Major works transparency (s.20 consultations)
Landlords have different priorities than their leaseholders with regards to major contracts and will not select on price alone. Under current legislation Leaseholders may nominate a contractor, but without disclosure of the exact specifications the Landlord is contracting for the lessees’ contractor has no chance of success. Even if Leaseholders were given the specification and so could quote on the identical grounds the Landlord could narrow the terms to suit their candidate (i.e levels of insurance, ability to manage their whole estate etc). Even if the Leaseholder had the specification, found a contractor that did not think it was a waste of time quoting and came up best. The Landlord can still dismiss it with little or no reasoning.

Lessees under s.20 Landlord and Tennant Act 1985 are supposed to be consulted if a work undertaken will exceed £250 for any one leaseholder.

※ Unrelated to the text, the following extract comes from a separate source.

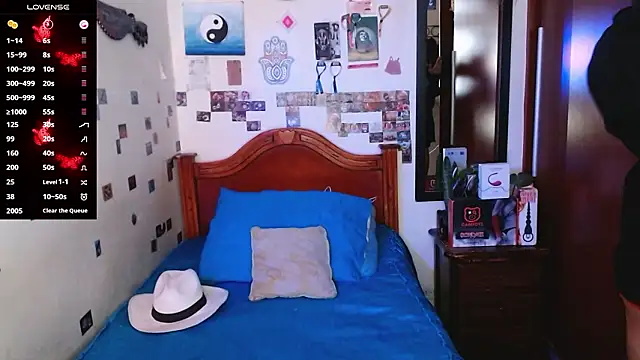 Snapshot of DannyPhantom555 chatting on 16, 2, 2026 DannyPhantom555 online show from 16, 2, 2026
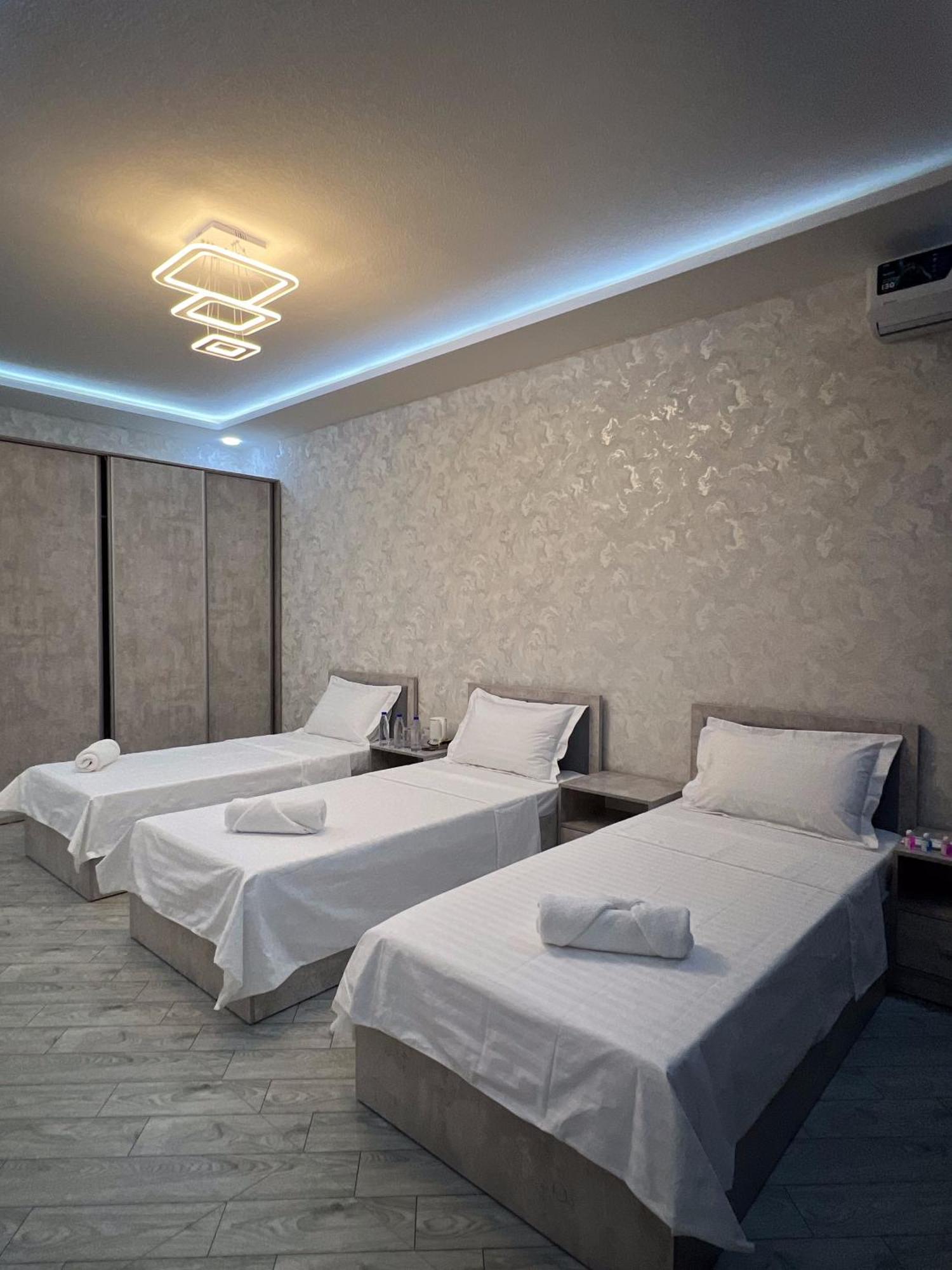طشقند Revel Hotel المظهر الخارجي الصورة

The process for consultations were laid down in the Service Charges (Consultation Requirements) (England) Regulations 2003 (schedules 2&4).[5]

Under Schedule 4 the Landlord in some circumstances should invite Lessees to nominate a proposed contractor in competition to the Landlords. Is they do they should ask that contractor for a quote and under Schedule 4 (6) “state his reasons for awarding the contract or specify the place and hours at which a statement of those reasons may be inspected”. In practice like many consultations these are mere formalities.


  1. The Landlord should disclose the tender documents so Leaseholders can find comparable quotes.
  2. The choice should be made on price and not by the Landlord or the Landlord’s s.20 surveyor.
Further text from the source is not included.